> _WHAT IS BEING ASKED_
Using the listing below, set down exactly the lines from the one that contains "Frozen raw peeled" through the one that contains "Archaeologists working in", with no pictures.

> _DATASET CONTENT_

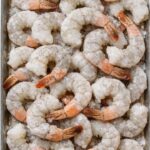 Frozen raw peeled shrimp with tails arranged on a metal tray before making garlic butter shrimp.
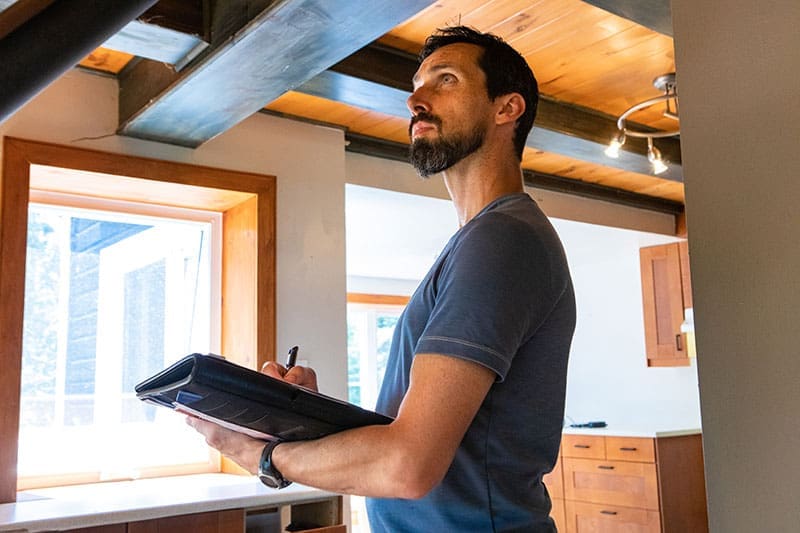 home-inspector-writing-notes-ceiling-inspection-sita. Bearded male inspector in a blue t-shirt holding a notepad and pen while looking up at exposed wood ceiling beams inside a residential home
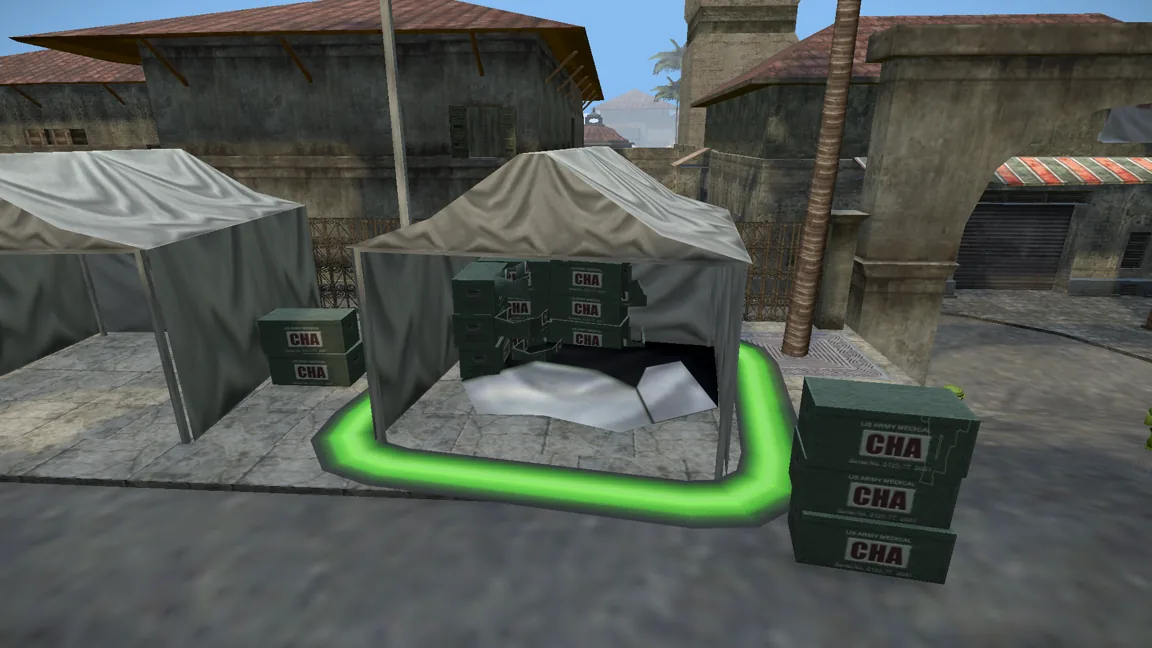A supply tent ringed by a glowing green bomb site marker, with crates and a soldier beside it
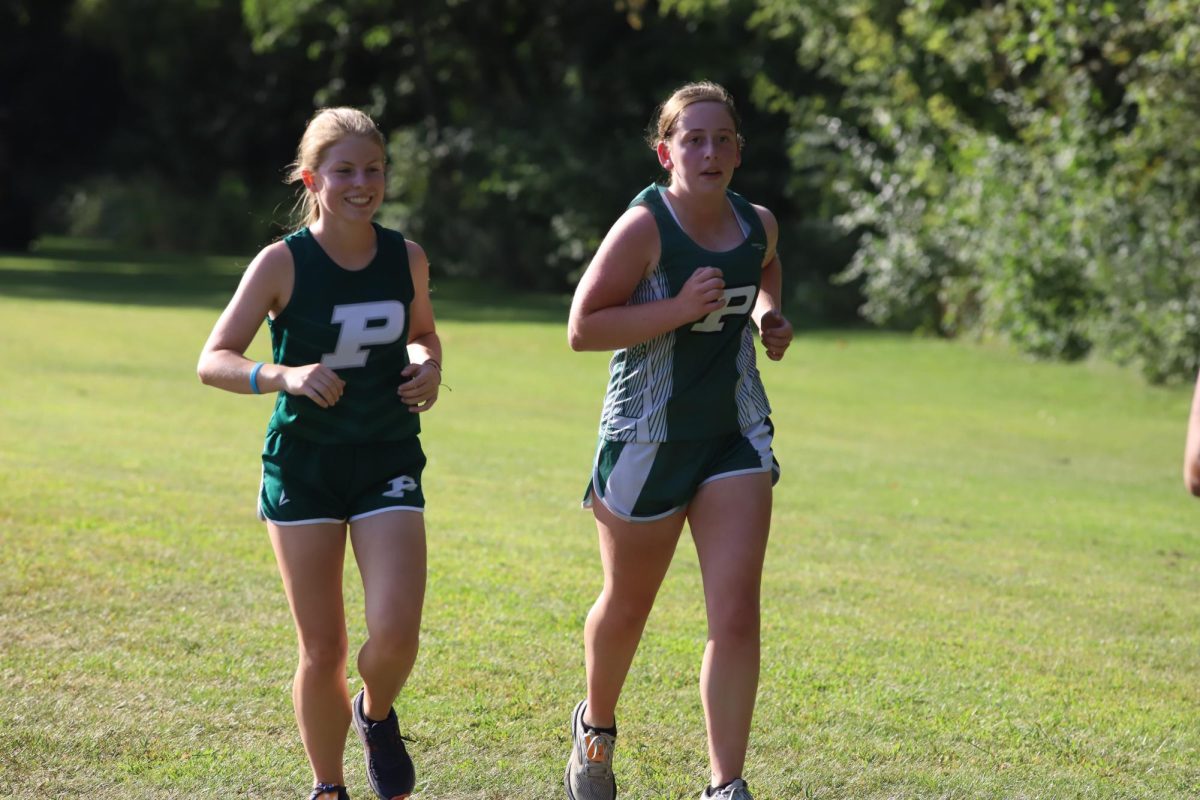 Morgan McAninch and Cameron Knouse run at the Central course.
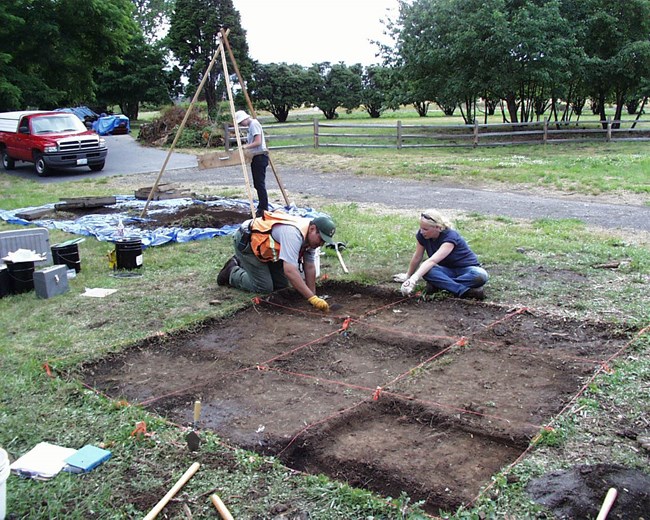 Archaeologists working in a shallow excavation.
--
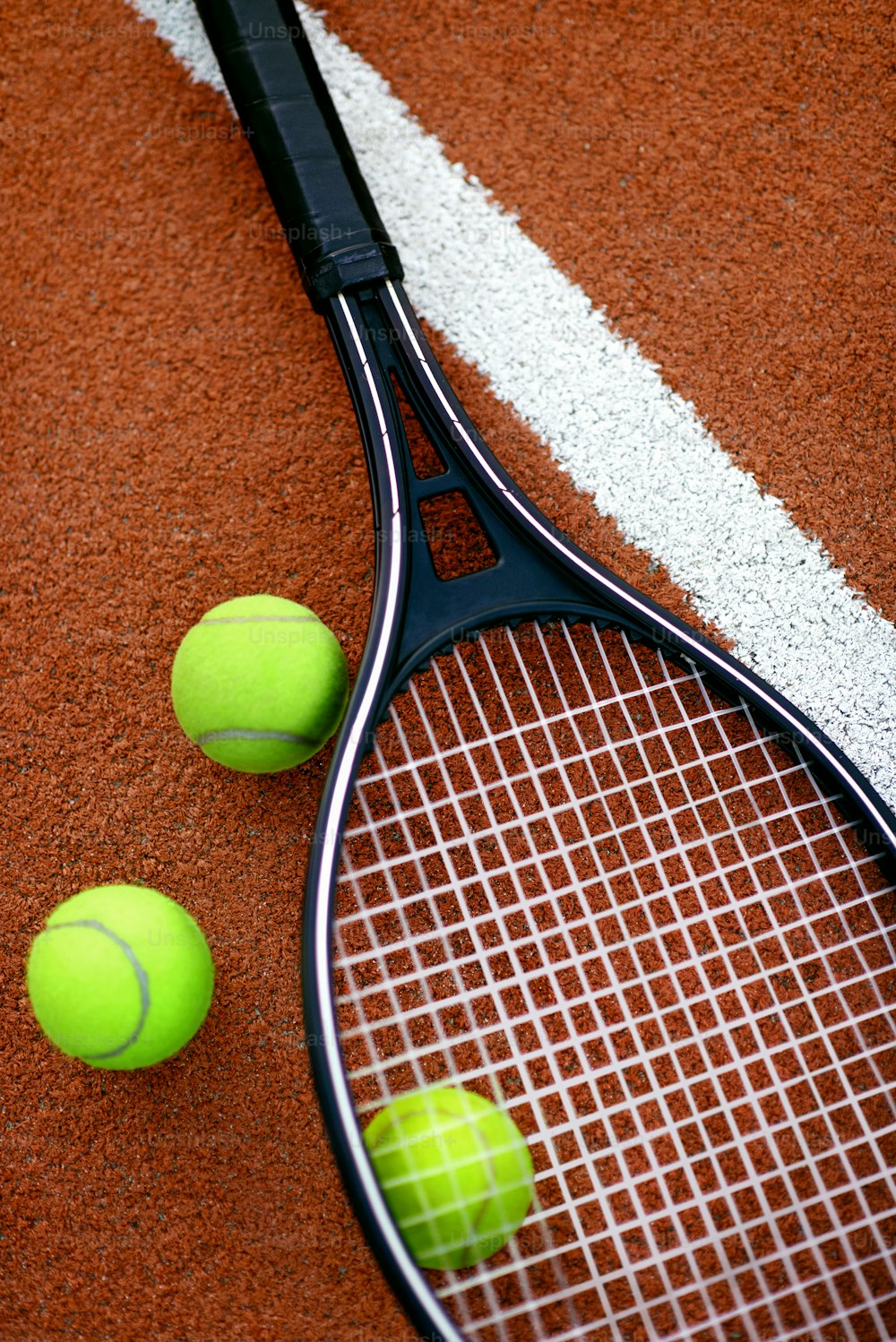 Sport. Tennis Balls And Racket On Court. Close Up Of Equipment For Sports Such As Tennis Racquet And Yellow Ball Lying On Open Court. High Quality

> _FINISHED EXERCISE_
 Frozen raw peeled shrimp with tails arranged on a metal tray before making garlic butter shrimp.
 home-inspector-writing-notes-ceiling-inspection-sita. Bearded male inspector in a blue t-shirt holding a notepad and pen while looking up at exposed wood ceiling beams inside a residential home
A supply tent ringed by a glowing green bomb site marker, with crates and a soldier beside it
 Morgan McAninch and Cameron Knouse run at the Central course.
 Archaeologists working in a shallow excavation.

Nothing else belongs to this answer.